■ **Problem**
Look below for the line with "A portrait of"; begin the copy there and stop after the line with "A couple runs", keeping the text exact and the pictures out.

■ **Given information**
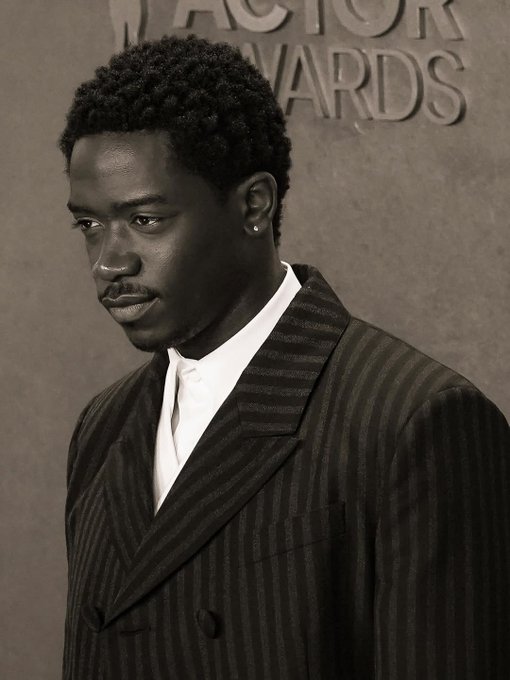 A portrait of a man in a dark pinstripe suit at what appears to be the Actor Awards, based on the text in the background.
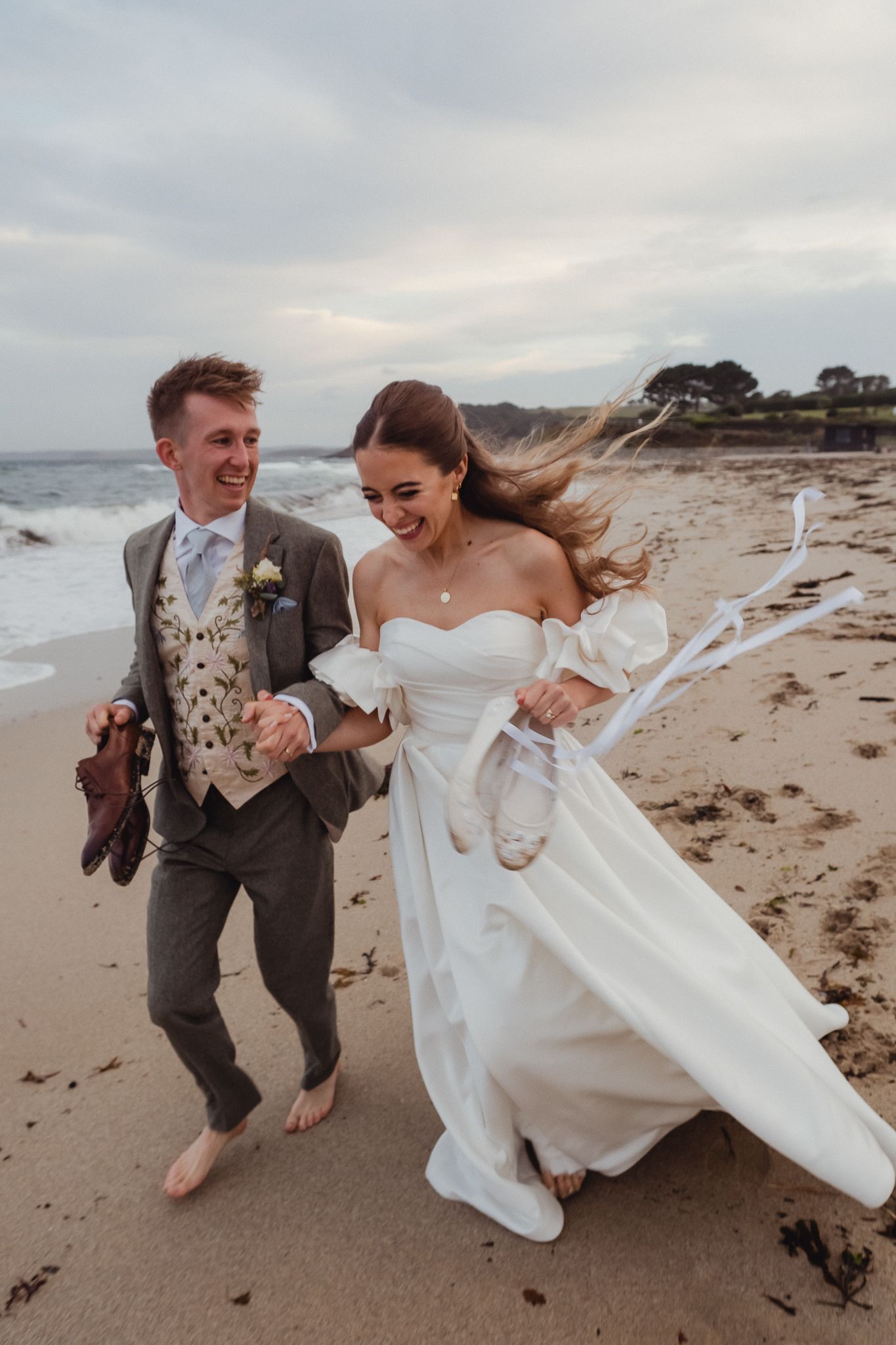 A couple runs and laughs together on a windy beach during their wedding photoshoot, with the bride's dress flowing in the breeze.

* * *

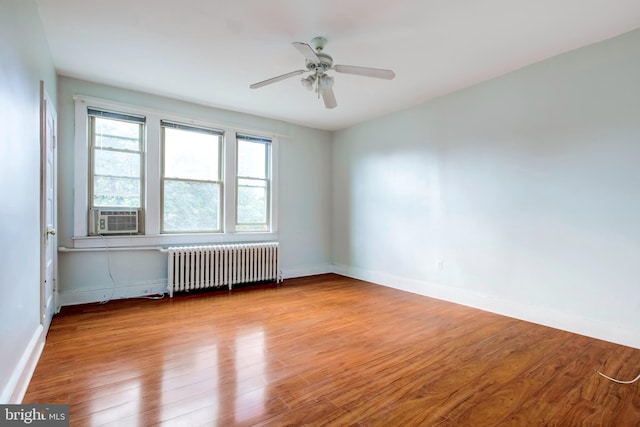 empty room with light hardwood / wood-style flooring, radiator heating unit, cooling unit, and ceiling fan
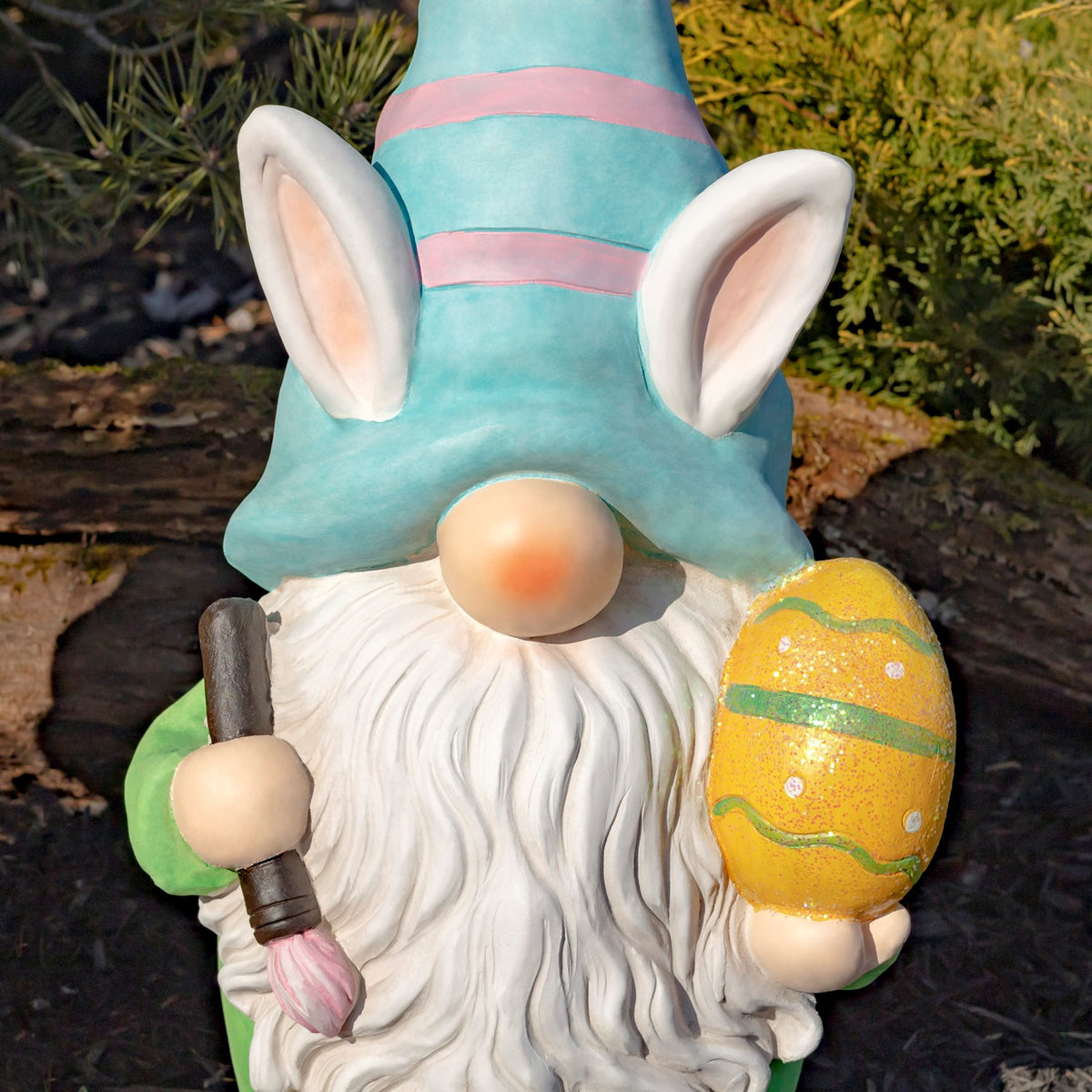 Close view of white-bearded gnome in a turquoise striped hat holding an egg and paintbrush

■ **Reply to the task**
 A portrait of a man in a dark pinstripe suit at what appears to be the Actor Awards, based on the text in the background.
 A couple runs and laughs together on a windy beach during their wedding photoshoot, with the bride's dress flowing in the breeze.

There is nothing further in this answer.